Living and working conditions on the crews were always harsh, and often cruel. Crew members were desperate for the work, however, so rarely did anyone complain about the abuses.
Today the road crew industry is organized around a youthful
labor force. The salespeople are usually between 17 and 24, although
minors do end up on crews as well.
In today’s traveling sales industry, young sales people are often subjected to physical and emotional abuse by their managers. Also, some of the dangerous individuals who are inevitably attracted to this mobile lifestyle, both managers and salespeople, are getting attention in the press due to the considerable harm they are inflicting on crew members as well as on their customers.
Over the past five years there have been more criminal events associated with traveling sales crews than ever before. This is mostly due to the casual hiring process. Many “new hires” are recruited over the telephone, sight unseen, with minimal or no background check. This practice compounds the crime problem when business is good and recruitment is up, which is the presently the case.
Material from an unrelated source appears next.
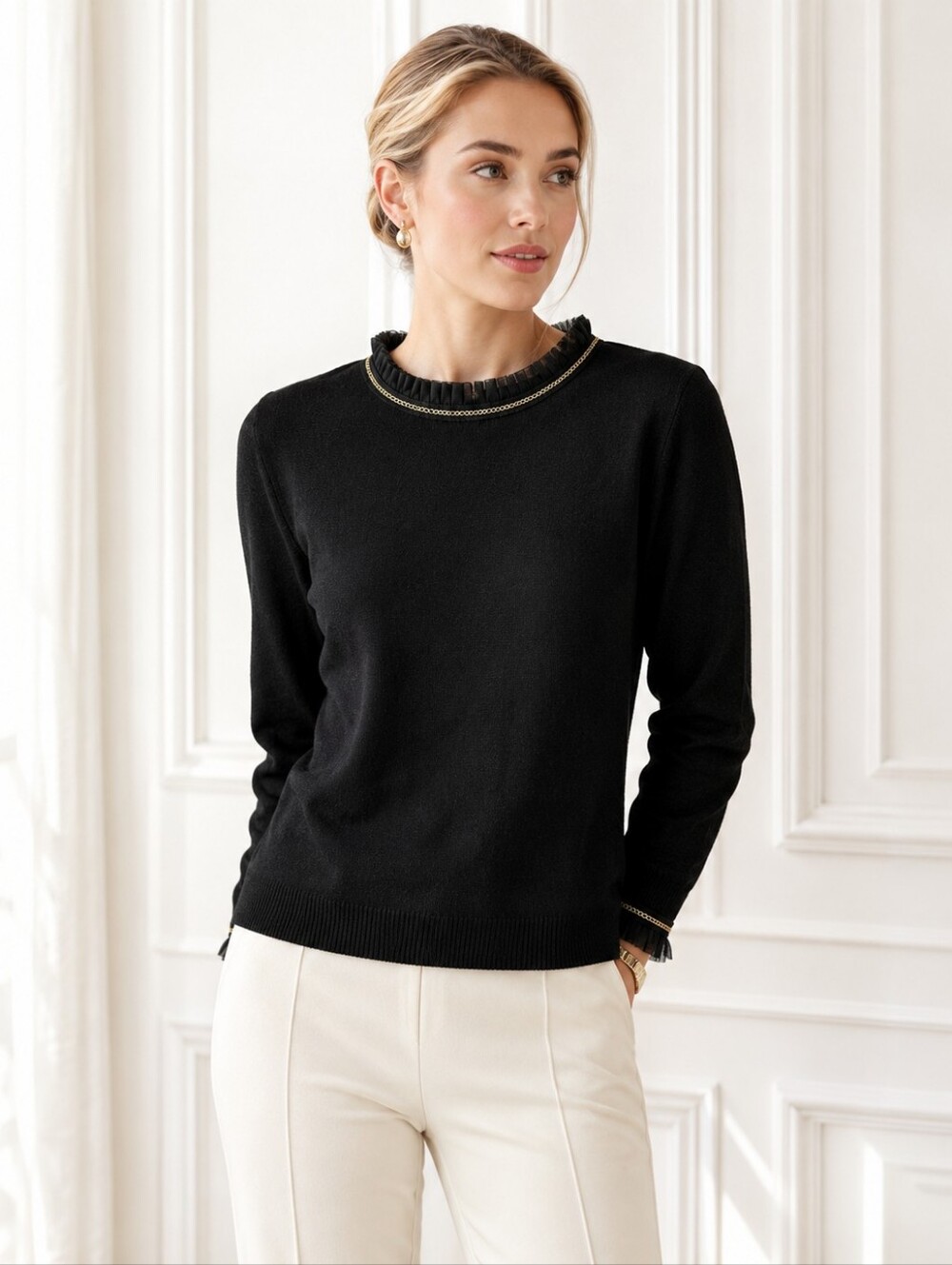 LIV Milano Gold Trim Embellished Sweater Size XL | Black Knit | Quiet Luxury |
The sales crew industry is always busiest when the economy falters. More young people need jobs, and companies whose products sell well at the door increase their reliance on the crews in bad times to shore up their otherwise flagging sales.
Occasionally, over the years, the FTC has investigated road crew operations, and sometimes pressed cases that resulted in real change: the major outcome of their actions is the “three day cooling off rule” that applies to any product sold door-to-door. Nothing has been done about the labor abuse of the sales people, however, in spite of two congressional hearings to that effect in the 1980s. The field remains largely unregulated. This lack of regulation has allowed a labor and criminal horror story to develop that equals or surpasses the migrant farm worker issues of the 1960s.
On any given day, an estimated 50,000 young people are traversing
the country, many of them working under substandard and dangerous
conditions. Their lack of life experience makes it difficult for
many of them to look after their own best interests.
Our efforts are directed toward getting this serious social and labor problem the attention it deserves.